Der Antijudaismus bzw. Antisemitismus hat eine lange Tradition. Auch wenn man, speziell im deutschen Raum, das Dritte Reich und damit verbunden den Versuch der systematischen Ausrottung des jüdischen Volkes als Klimax ihrer Leidensgeschichte sieht, so ist die Geschichte ihrer Ablehnung deutlich länger. Antijudaismus durchzieht die gesamte Geschichte des Christentums und hat ihren Ursprung in der Trennung des Christentums vom Judentum. Aufgrund der Ablehnung Jesus Christus als Messias und den Sohn Gottes im Judentum ist ein religiöser Zwist zwischen Christen- und Judentum unvermeidlich. Der Konflikt wird dadurch verstärkt, dass die Texte des Neuen Testaments wiederum das jüdische Volk als Volk Gottes proklamieren und dafür der Jude Jesus Christus als Beleg dafür dient.
Die geistlichen Spiele des Mittelalters nehmen sich dieser Geschichte an und geben diese auf unterschiedliche Arten und Weisen wider, was sich darin spiegelt, dass es viele unterschiedliche Spiele gibt. Einerseits gibt es unterschiedliche Osterspiele, die sich mit der Auferstehung Jesu beschäftigen und andererseits mehrere Exemplare von Passionsspielen, deren Fokus auf der Passionsgeschichte Jesu liegt.

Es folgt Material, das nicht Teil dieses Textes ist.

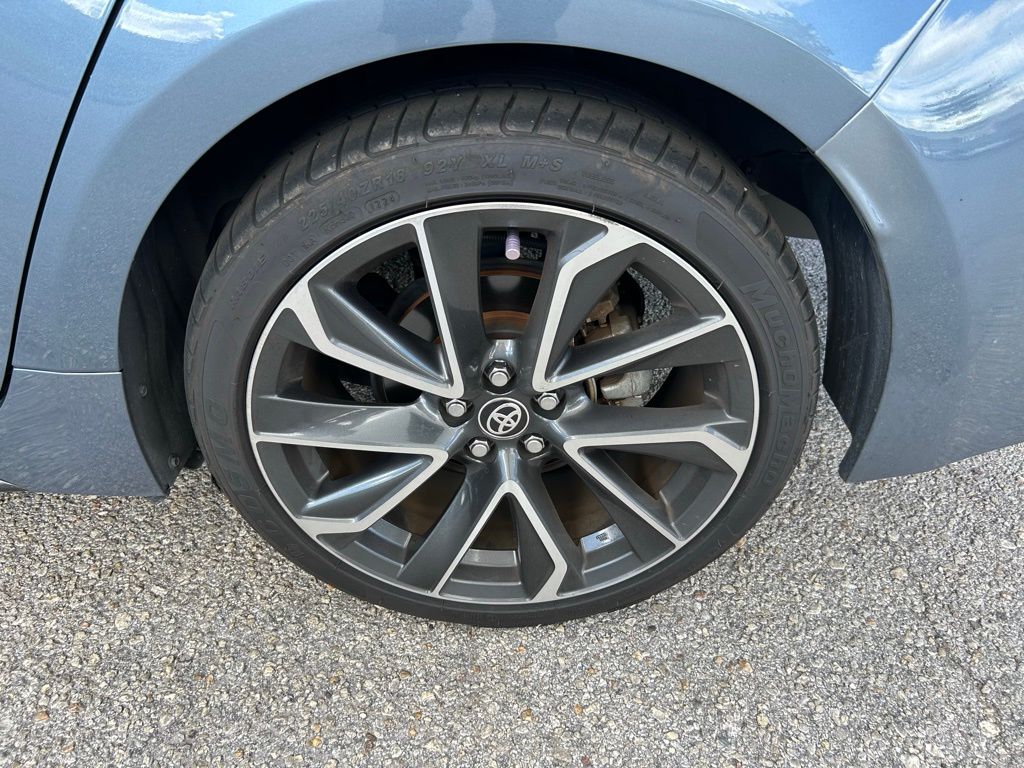 Thumbnail: 2021 Toyota Corolla - 9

Die Passionsspiele des Mittelalters müssen durchaus als Medium angesehen werden, das die Macht hatte öffentliche Meinungen zu manipulieren und gegebenenfalls auch zu verstärken. Im Hinblick auf die Darstellung der Juden in den Passionsspielen muss die Frage gestellt werden, inwiefern die Passionsspiele das Meinungsbild der Gesellschaft modifiziert haben.
Diese Arbeit wird sich mit den Passionsspielen im Allgemeinen beschäftigen, den Fokus daraufhin auf das Donaueschinger Passionsspiel legen und es darauf untersuchen wie das jüdische Volk darin dargestellt wird. Das Forschungsgebiet der Darstellung der Juden in den Passionsspielen ist sehr fruchtbar und ein allgemeiner Konsens, der sich dabei herausgestellt hat, ist dass die Darstellung der Juden durchweg negativ ist. Jüngere Forschungen wiederum fokussieren ihre wissenschaftliche Arbeit auf die mögliche Meinungsbildung der Gesellschaft aufgrund der Besichtigung von Passionsspielen.
Inhalt
Einleitung
1. Entstehung der Passionsspiele
2. Das Donaueschinger Passionsspiel
2.1 Einordnung des Donaueschinger Passionsspiels
2.2 Die Rolle der Juden im Donaueschinger Passionsspiel
3. Die Darstellung der Juden in ausgewählten Szenen des Donaueschinger Passionsspiels
3.1. Geiz und Habsucht
3.2 Gewalttätig und gewissenlos
3.3. Christiana und Judea
4. Fazit
5. Literaturverzeichnis
Einleitung
Der Antijudaismus bzw. Antisemitismus hat eine lange Tradition. Auch wenn man, speziell im deutschen Raum, das Dritte Reich und damit verbunden den Versuch der systematischen Ausrottung des jüdischen Volkes als Klimax ihrer Leidensgeschichte sieht, so ist die Geschichte ihrer Ablehnung deutlich länger. Antijudaismus durchzieht die gesamte Geschichte des Christentums und hat ihren Ursprung in der Trennung des Christentums vom Judentum. Aufgrund der Ablehnung Jesus Christus als Messias und den Sohn Gottes im Judentum ist ein religiöser Zwist zwischen Christen- und Judentum unvermeidlich. Der Konflikt wird dadurch verstärkt, dass die Texte des Neuen Testaments wiederum das jüdische Volk als Volk Gottes proklamieren und dafür der Jude Jesus Christus als Beleg dafür dient.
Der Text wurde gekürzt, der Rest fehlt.